ECLI:NL:CRVB:2019:129
Centrale Raad van Beroep
- Hoger beroep
- Rechtspraak.nl
Hoger beroep tegen de weigering van een Ziektewet-uitkering na ontslag op staande voet en benadelingshandeling
In deze zaak gaat het om een hoger beroep van appellant tegen de beslissing van het Uitvoeringsinstituut werknemersverzekeringen (Uwv) om zijn Ziektewet-uitkering (ZW) blijvend te weigeren. Appellant, die als vloerenlegger werkte, werd op staande voet ontslagen door zijn werkgeefster wegens vermeende diefstal. Na zijn ziekmelding in mei 2013, heeft appellant in augustus 2013 een aanvraag voor een ZW-uitkering ingediend, die door het Uwv werd afgewezen vanwege onduidelijkheid over zijn recht op uitkering.

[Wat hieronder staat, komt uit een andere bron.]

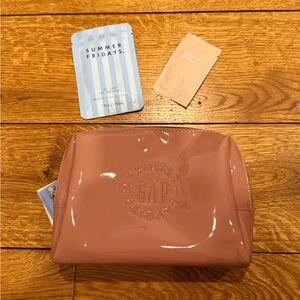 GAP x Summer Fridays Cosmetic Bag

Appellant heeft vervolgens bezwaar gemaakt tegen de beslissing van het Uwv, maar dit werd ongegrond verklaard. De rechtbank Rotterdam bevestigde deze beslissing, waarbij werd geoordeeld dat appellant een benadelingshandeling had gepleegd door zijn loonaanspraken prijs te geven en niet alle juridische mogelijkheden te benutten. Appellant stelde dat hij op advies van zijn advocaat handelde en dat hij niet tijdig kon procederen vanwege de strafzaak die tegen hem liep. De Centrale Raad van Beroep oordeelde dat appellant bewust heeft gehandeld en dat zijn gedragingen hem in overwegende mate kunnen worden verweten. Het hoger beroep werd afgewezen en de eerdere uitspraak werd bevestigd.